This message was delivered by Ursula Mueller, the Assistant Secretary-General for Humanitarian Affairs, to the final Leadership Roundtable of the Global South-South Development Expo 2017, which is under way in Antalya, Turkey.

“Southern actors respond as donors, hosts, operational and technical partners. They lend a crucial perspective for oftentimes they have faced similar challenges and know all too well that saving lives is just the first of many steps,” said Ms. Mueller as she co-chaired the discussion, under the theme ‘South-South Cooperation for Peace, Prosperity and Partnership: From Delivering Aid to Ending Need – Advancing the 2030 Agenda in Crisis Contexts.’

Ms. Mueller is participating in the 2017 Global Expo along with other senior UN officials, government ministers, national development agency directors, and civil society representatives, who have gathered to share innovative local solutions and push for scaling up concrete initiatives from the Global South to achieve the 2030 Agenda and its 17 Sustainable Development Goals (SDGs).

“South-South Cooperation is about saving livelihoods and sustainable solutions. It is about offering a helping hand to nations as equal partners. And it is about sharing experiences and lessons learned, knowledge and technical expertise,” noted Ms. Mueller, who is also the UN Deputy Emergency Relief Coordinator.

This year, the UN global humanitarian appeal reached $24 billion to help 145 million people. “Even though donors contributed $11 billion so far this year, the funding gap remains wide,” warned Ms. Mueller.

Nine UN agencies, with support from the World Bank, adopted the New Way of Working at the Istanbul World Humanitarian Summit in May 2016.

“The New Way of Working aims to transcend the divide between short-term humanitarian action and long-term development by fostering closer collaboration between humanitarian and development actors in fragile contexts – where conditions allow – so that we not only save lives, but also reduce need and build resilience,” emphasized Ms. Mueller.

Following her visit to Antalya, Ms. Mueller will go to Gaziantep, the largest and most populous city in southern Turkey, which has hosted hundreds of thousands of refugees who have fled from Syria.

“In Gaziantep, I will have opportunity to see close to the Syrian border how the humanitarian operation is working,” Ms. Mueller told UN News.

“There are still 13 million people in urgent need of humanitarian assistance inside Syria. We as humanitarians have to keep every possibility open for access to Syrians inside Syria. And we are grateful for the support by the Turkish Government to enable cross-border operations,” she said.

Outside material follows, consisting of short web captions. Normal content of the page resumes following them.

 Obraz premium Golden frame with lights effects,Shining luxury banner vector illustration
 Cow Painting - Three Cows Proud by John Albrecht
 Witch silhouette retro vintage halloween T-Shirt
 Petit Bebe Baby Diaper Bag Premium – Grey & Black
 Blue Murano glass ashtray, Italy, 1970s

In 2016, Turkey was the world’s second largest humanitarian donor and most generous country in terms of ratio to its national income, spending $6 billion on humanitarian assistance. Turkey now hosts 3.2 million refugees from Syria.

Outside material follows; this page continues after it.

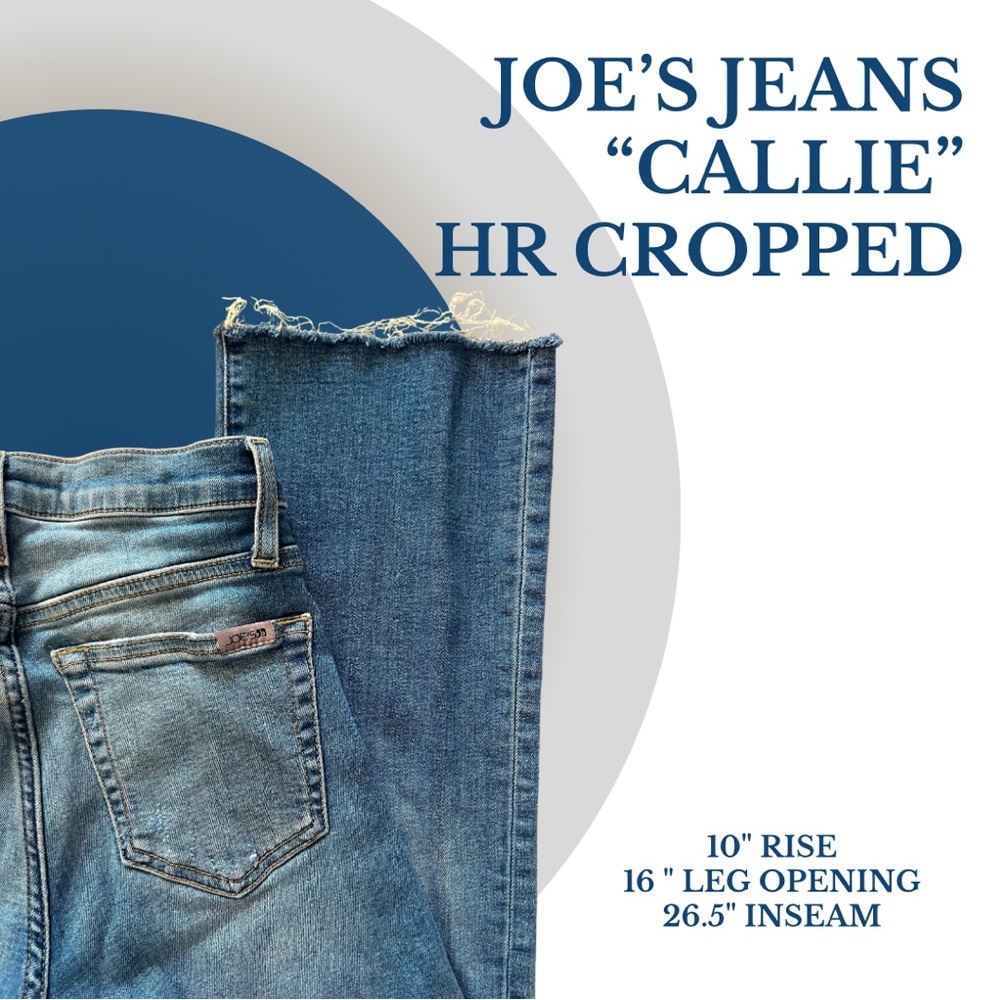 JOE’S JEANS “CALLIE” HIGH RISE CROPPED MINI BOOT LIGHTLY DISTRESSED JEANS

Ms. Mueller met Turkish Foreign Minister Mevlüt Çavusoglu in Antalya on the first day of the Global Expo and said the meeting provided an opportunity to thank the Turkish Government and Turkish people […] I commend them for the services, the protection they provide for the Syrian refuges,” she stated.

“With the Foreign Minister, I also raised the extension of Security Council resolution 2165 (2014) that provides modality to deliver humanitarian assistance into Syria from Turkey. This is a very important way and entry point of humanitarian assistance into Syria. And it depends on the extension of the resolution. And I was requesting the Foreign Minister to use his influence and good efforts that he will do everything that is possible to support the extension of this resolution,” she explained.

On Tuesday, Ms. Mueller also visited Ankara, the capital city of Turkey, to meet with senior officials and Presidents of Turkish Red Crescent and AFAD, both of which have been playing an active role in providing humanitarian assistance in several the world’s humanitarian crises, including in Syria.